Czech government could buy Liberty Ostrava ‘if necessary’

The Czech government would be prepared to step in and take over the country’s biggest steelmaker, Liberty Ostrava, if such a move were to become necessary, industry minister Karel Havlicek told the country’s parliamentary lower house May 6. Ostrava’s parent company, Liberty Steel Group, announced May 5 that it might consider selling some units as it restructures and refinances after the March collapse of its major financier, Greensill Capital.

Havlicek said the state could “intervene” during a verbal report and debate on current concerns over the Ostrava steelmaker.

“The state declares that if the situation becomes critical and if it appeared likely that the company would collapse and people would lose their jobs and that the whole region could be affected, then it is prepared for such an extreme solution [as state intervention] and we have already prepared for that option,” Havlicek said. The minister however indicated that the current situation probably did not call for such action.

Havlicek pointed out in his report that the previous government of Andrej Babis had taken a similar step and nationalized the country’s sole hard coal miner, OKD, in April 2018 when “no other path was possible.”

Havlicek’s comments come amid tension between the Czech government, local trade unions and Liberty Steel’s managers and owners over the future of the 3.6 million mt/year capacity integrated Ostrava mill amid the financial squeeze besetting Liberty Steel Group and its parent GFG Alliance. Tensions escalated when emissions allowances owned by the mill were sold April 30 to Liberty’s Galati mill in Romania, despite promises to Havlicek and Czech prime minister Andrej Babis that this would not happen.
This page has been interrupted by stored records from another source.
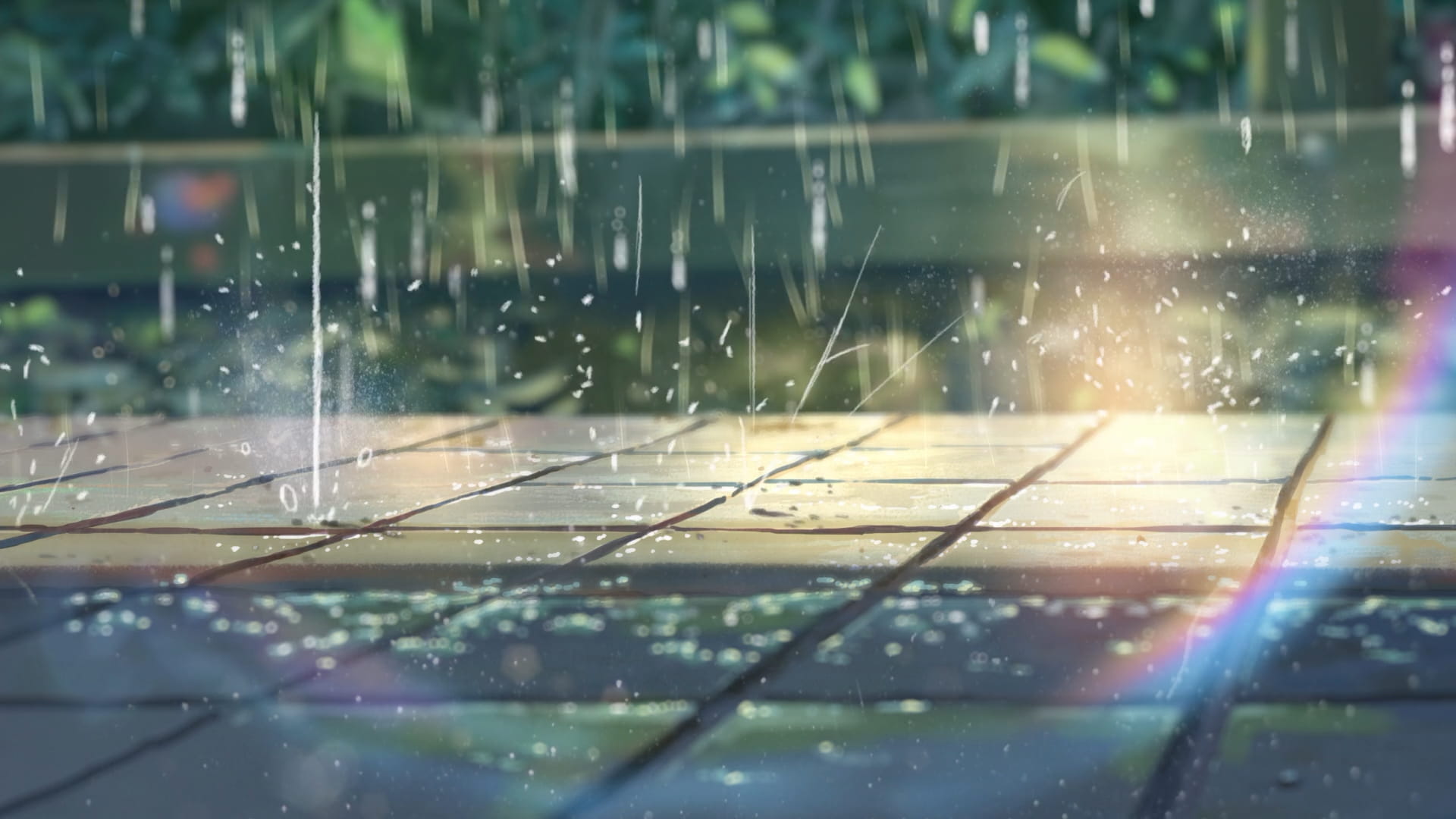 新海诚 言叶之庭&动漫风景 高清电脑壁纸下载(1)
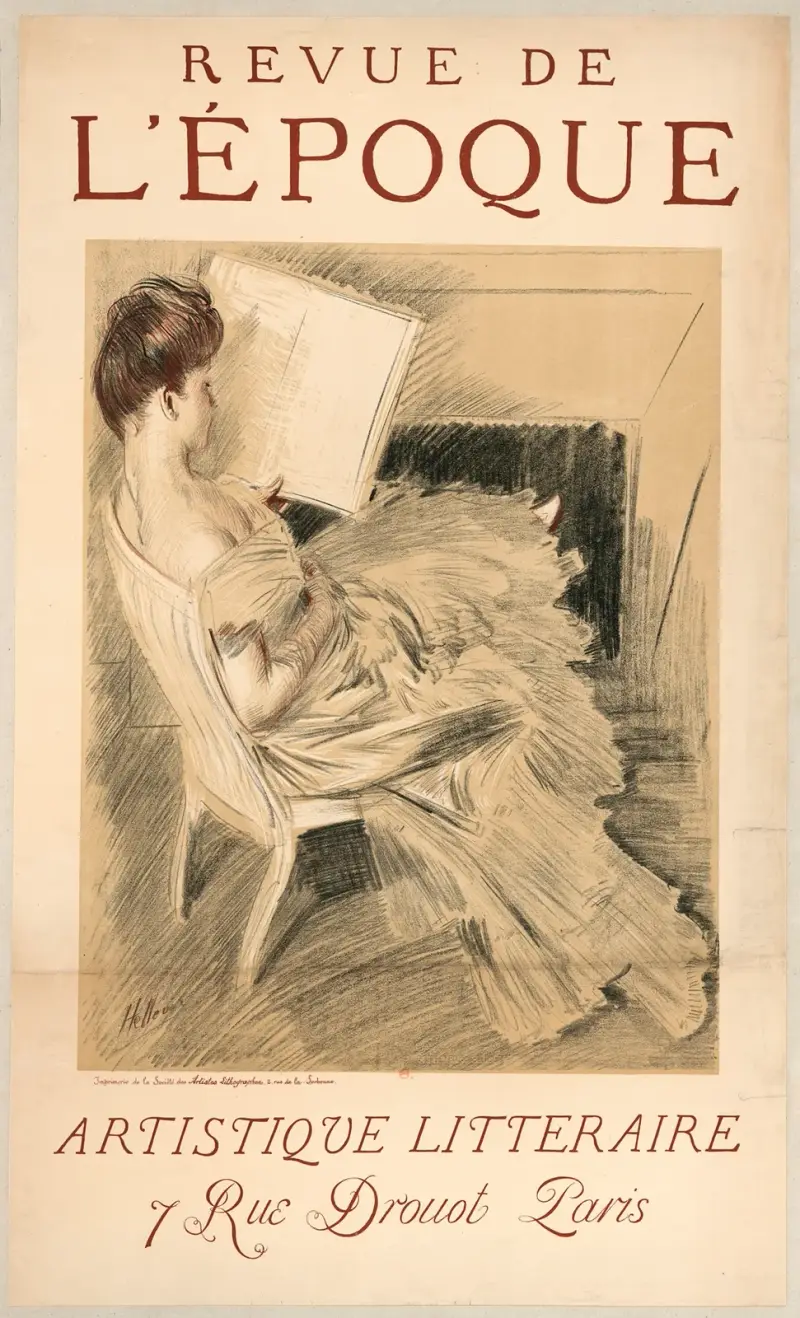 Revue de l’Epoque artistique et littéraire av Paul César Helleu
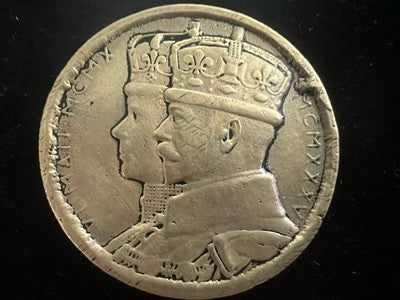 🔴 Medaglia Giubileo d’Argento Re Giorgio V Regina Maria Castello Windsor 1935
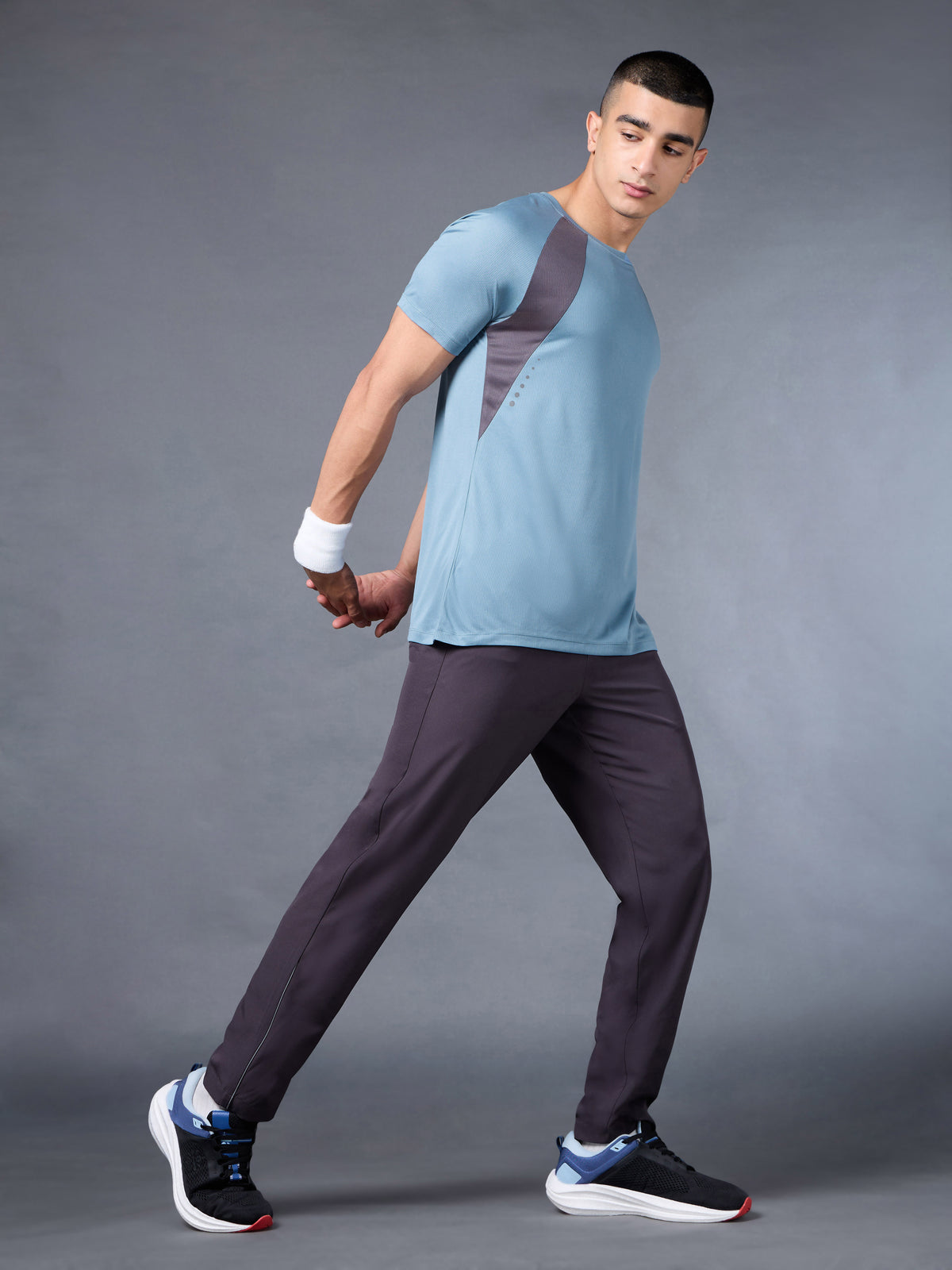 Men's Run Champion Blue T-shirt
Liberty Steel said May 5 that it “will fix or sell underperforming units” following the appointment to its board of a four-strong team of restructuring specialists. Sources close to Liberty however indicated that the company would opt to keep the Ostrava mill along with other performing businesses, including Liberty Galati, which have turned around their operations in recent months.

In a move likely to ease tensions May 7, Liberty Steel Ostrava said in a statement that all the proceeds from the sale of emissions allowances to Liberty Galati have been paid onto the company’s account.

“The Ostrava steelmaker now has on its account the whole of the Koruna 1.24 billion [$59 million dollars] from the sale of its unneeded 1.0 million carbon emission allowance] units to sister company Liberty Galati,” Liberty Ostrava said in the statement. Part of the amount has already been used to pay bonus to the Czech mill’s workers with the remainder to be used for investments at the Ostrava mill, it added.

Liberty Steel added in its latest statement that the Ostrava mill would be able to buy the emissions allowances back at a lower price than those prevailing on the market if they were needed in the future. “This legal transaction, at a high profit, has fulfilled the company’s pledge that the allowances owned by the Ostrava mill will continue only to be used for its benefit,” it added.

Management urges return to normal

Ostrava mill’s production director, Vaclav Habura, called in the statement for a return to normal working. “It’s now necessary that we continue with our normal business and focus on production and meeting the needs of our customers and attempt to take the best advantage of the current situation on the market, which is the most favorable in recent years,” he added, referring to the spate of high global steel prices and firm demand.

Labor unions at the Ostrava mill have been on strike alert since April 16 over concerns about the impact of the parent company’s financial problems on local operations. They stepped up their action April 26 with announcement of a work to rule, which includes a ban on overtime, adding that the moves will impact steel production at the Czech mill.